4. Effect of Hydroxytyrosol Hydroxybutyrate on Improving Learning
and Memory in Rats with Brain Fatigue
[0129] The effect of hydroxytyrosol hydroxybutyrate on the
improvement of learning and memory abilities of the rats with brain
fatigue was evaluated using the water maze experiment. The effect
of brain fatigue caused by sleep deprivation on the learning and
memory abilities of the rats and the improvements of learning and
memory abilities brought by the compound were revealed by the
various indicators of the water maze experiment. The platform was
placed under the quadrant IV of the water maze during the
acquisition training. After the four-day training, the underwater
platform was removed, and the rats were placed in the water pool
for a period of time. The percentages of time that the rats spent
in the quadrant IV and the percentages of path length that the rats
swam in the quadrant IV were recorded. The higher the percentages,
the better the learning and memory abilities of the rats.

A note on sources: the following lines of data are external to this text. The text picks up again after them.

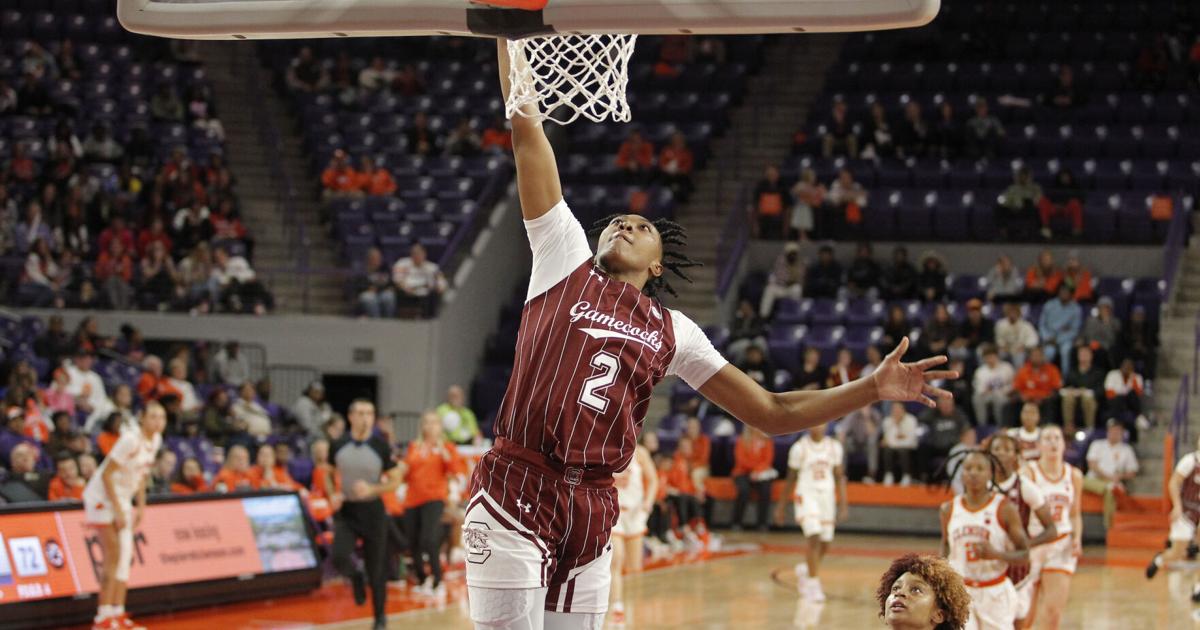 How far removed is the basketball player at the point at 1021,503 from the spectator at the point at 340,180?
15.6 meters

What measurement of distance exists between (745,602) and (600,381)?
10.2 metres

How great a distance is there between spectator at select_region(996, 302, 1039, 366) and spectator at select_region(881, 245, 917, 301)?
68.7 inches

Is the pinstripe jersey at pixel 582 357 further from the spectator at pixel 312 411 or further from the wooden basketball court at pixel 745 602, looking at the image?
the spectator at pixel 312 411

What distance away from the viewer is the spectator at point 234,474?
1455 cm

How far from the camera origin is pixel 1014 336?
20.1m

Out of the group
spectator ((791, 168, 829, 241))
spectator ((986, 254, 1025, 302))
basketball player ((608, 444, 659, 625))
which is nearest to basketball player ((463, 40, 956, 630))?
basketball player ((608, 444, 659, 625))

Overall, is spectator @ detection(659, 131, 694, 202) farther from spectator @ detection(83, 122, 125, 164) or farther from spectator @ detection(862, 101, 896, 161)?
spectator @ detection(83, 122, 125, 164)

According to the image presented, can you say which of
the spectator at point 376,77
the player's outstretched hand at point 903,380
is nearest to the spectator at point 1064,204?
the spectator at point 376,77

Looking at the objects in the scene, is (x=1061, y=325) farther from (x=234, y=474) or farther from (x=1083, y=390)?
(x=234, y=474)

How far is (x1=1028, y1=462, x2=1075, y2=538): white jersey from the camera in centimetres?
1032

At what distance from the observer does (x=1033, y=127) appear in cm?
2364

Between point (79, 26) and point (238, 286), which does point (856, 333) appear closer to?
point (238, 286)

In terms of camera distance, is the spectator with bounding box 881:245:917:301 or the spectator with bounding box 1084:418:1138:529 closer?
the spectator with bounding box 1084:418:1138:529

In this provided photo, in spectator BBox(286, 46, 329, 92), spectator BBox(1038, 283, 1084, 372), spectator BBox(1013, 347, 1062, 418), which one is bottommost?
spectator BBox(1013, 347, 1062, 418) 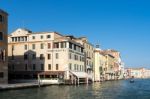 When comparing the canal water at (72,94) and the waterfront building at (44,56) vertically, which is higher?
the waterfront building at (44,56)

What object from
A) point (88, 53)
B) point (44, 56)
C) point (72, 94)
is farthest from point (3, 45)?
point (88, 53)

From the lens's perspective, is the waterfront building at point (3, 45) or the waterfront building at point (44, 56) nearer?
the waterfront building at point (3, 45)

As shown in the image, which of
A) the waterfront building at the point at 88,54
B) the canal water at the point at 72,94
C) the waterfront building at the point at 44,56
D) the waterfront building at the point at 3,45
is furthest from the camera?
the waterfront building at the point at 88,54

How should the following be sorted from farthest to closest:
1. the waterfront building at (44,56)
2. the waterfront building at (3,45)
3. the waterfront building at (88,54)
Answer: the waterfront building at (88,54) → the waterfront building at (44,56) → the waterfront building at (3,45)

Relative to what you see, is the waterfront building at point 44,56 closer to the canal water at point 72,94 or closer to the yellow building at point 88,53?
the yellow building at point 88,53

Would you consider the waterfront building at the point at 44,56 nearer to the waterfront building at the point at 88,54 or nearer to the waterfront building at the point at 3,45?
the waterfront building at the point at 88,54

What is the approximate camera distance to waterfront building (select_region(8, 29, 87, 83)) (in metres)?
79.9

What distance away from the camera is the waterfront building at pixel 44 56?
7988 cm

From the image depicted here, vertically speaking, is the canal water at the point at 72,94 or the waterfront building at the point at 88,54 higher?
the waterfront building at the point at 88,54

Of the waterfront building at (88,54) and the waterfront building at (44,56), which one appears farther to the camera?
the waterfront building at (88,54)

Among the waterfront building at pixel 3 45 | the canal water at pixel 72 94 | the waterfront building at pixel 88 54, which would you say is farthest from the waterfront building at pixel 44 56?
the canal water at pixel 72 94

The
percentages of the spending time and swimming path length of the
rats in the control group, the brain fatigue group, the HTac group,
the HBET group, and the HTHB group in the quadrant IV are shown in
FIGS. 1A and 1B. The results showed that the swimming time in the
quadrant IV of the brain fatigue group was significantly different
from that of the control group. Moreover, the swimming time in the
quadrant IV of the HTHB group was significantly different from that
of the brain fatigue group. The swimming path length in the
quadrant IV of the brain fatigue group was significantly different
from that of the control group. Moreover, the swimming path length
in the quadrant IV of the HTHB group was significantly different
from that of the brain fatigue group. Compared with the rats in the
control group, the rats in the brain fatigue group had a
significant decline in learning and memory abilities. Compared with
hydroxytyrosol acetate and ethyl .beta.-hydroxybutyrate,
hydroxytyrosol hydroxybutyrate more obviously improved the learning
and memory abilities of the rats with brain fatigue.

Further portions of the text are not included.